- [Task brief]:
Everything from the line containing "Kino: antiguo afiche" through the final line of the entries, both included, should be copied exactly and with nothing else; please skip pictures.

******************************

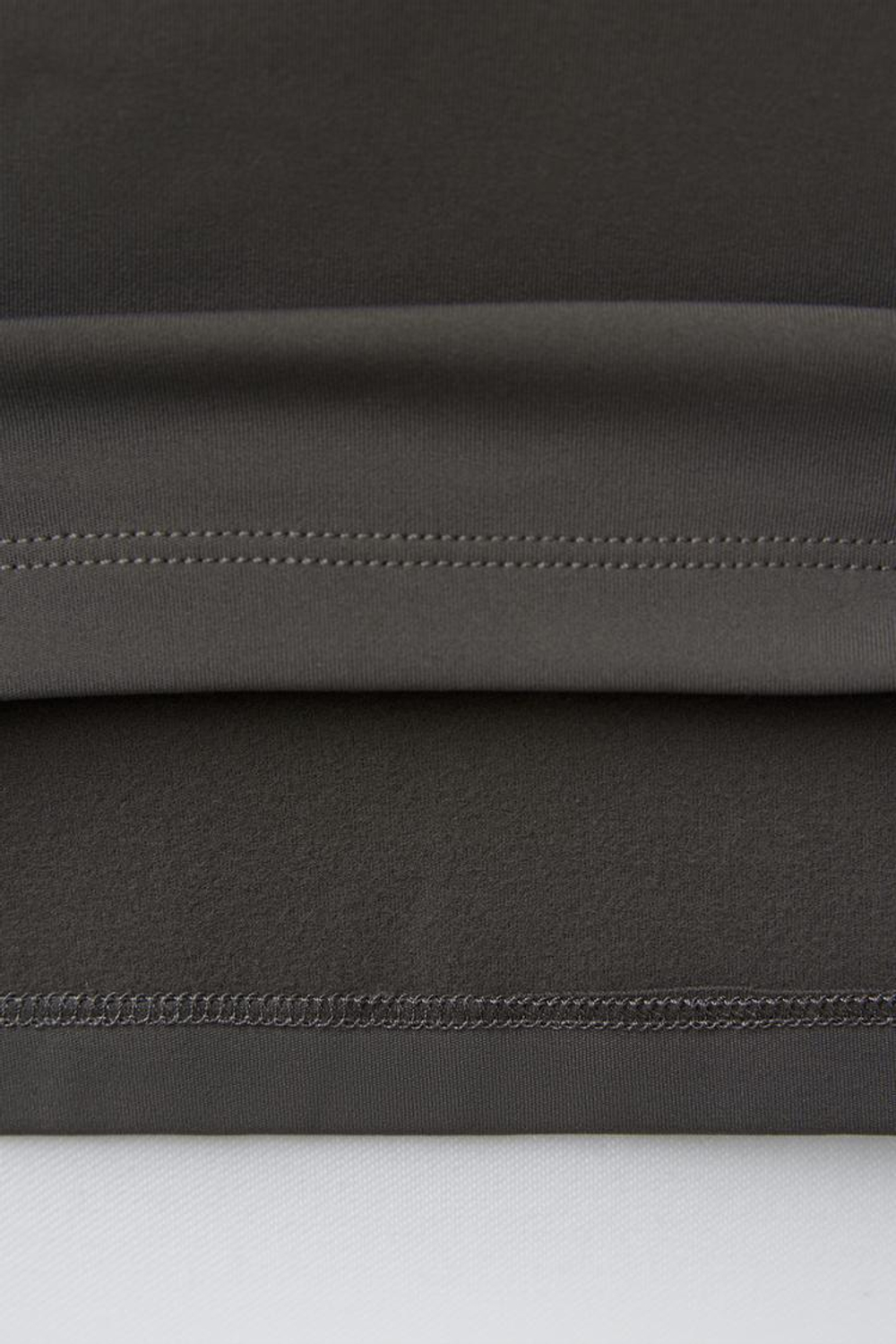 ZARA ТЕРМОФУТБОЛКА С ДЛИННЫМИ РУКАВАМИ НА МОЛНИИ, СЕРЫЙ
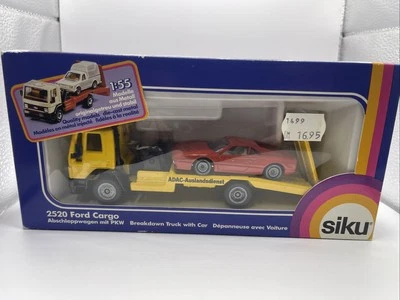 Camión de recuperación Ford Cargo ADAC y Ferrari 308 GTB - Siku Super Serie 1/55 EN CAJA Foto 1 de 4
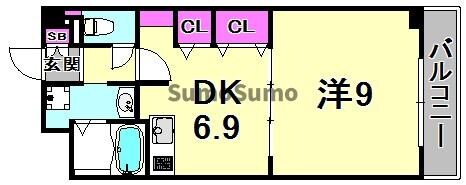 プロヴァンスの物件間取画像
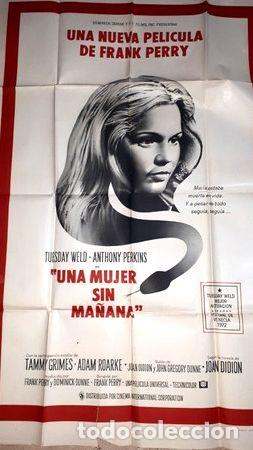 Kino: antiguo afiche de la pelicula una mujer sin manana n 110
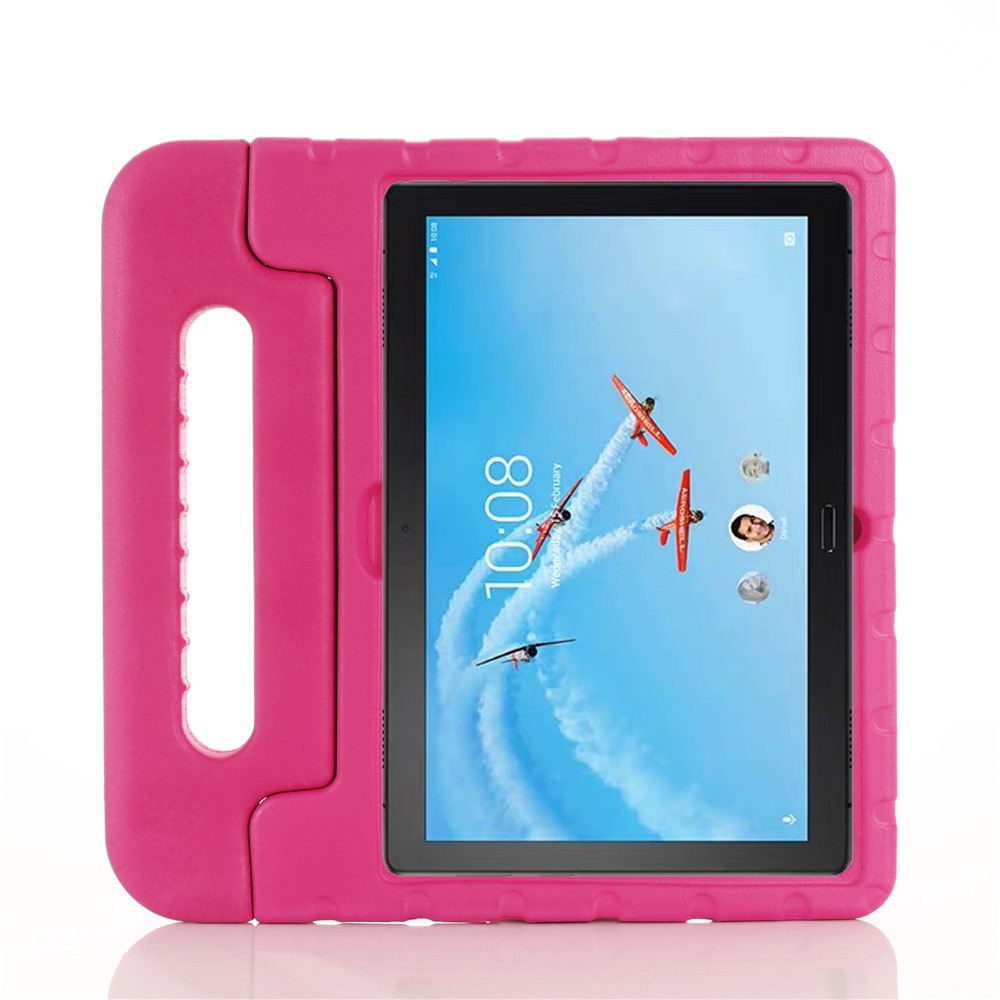 Drop-proof Kinder Sicher EVA-Schaum Fall Mit Ständer Für Lenovo Registerkarte P10 / Registerkarte M10 TB-X605F - Rose-3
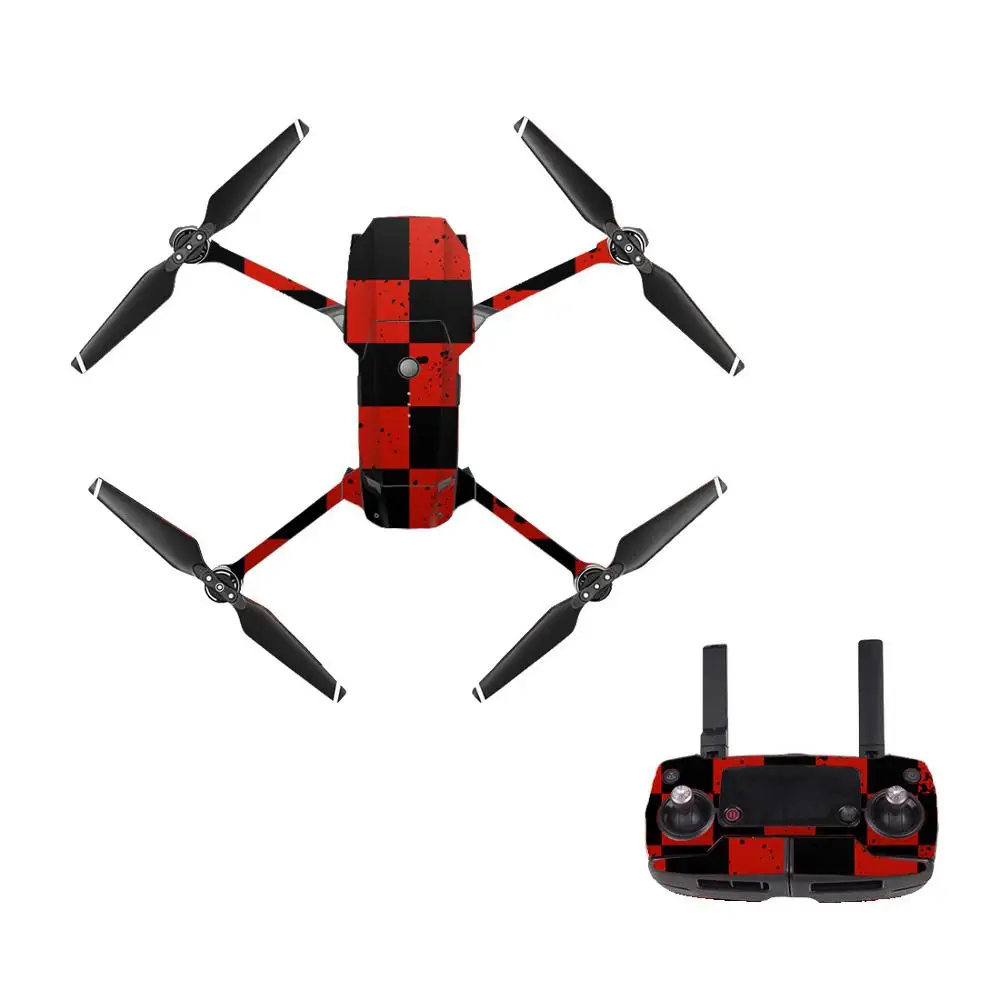 YSDJM0172 Водонепроницаемый ПВХ наклейка защитный чехол для DJI Mavic Pro Drone Body Arm пульт дистанционного управления запасная часть стикер s - Цвет: YSDJM0172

******************************

- [Response area]:
 Kino: antiguo afiche de la pelicula una mujer sin manana n 110
 Drop-proof Kinder Sicher EVA-Schaum Fall Mit Ständer Für Lenovo Registerkarte P10 / Registerkarte M10 TB-X605F - Rose-3
 YSDJM0172 Водонепроницаемый ПВХ наклейка защитный чехол для DJI Mavic Pro Drone Body Arm пульт дистанционного управления запасная часть стикер s - Цвет: YSDJM0172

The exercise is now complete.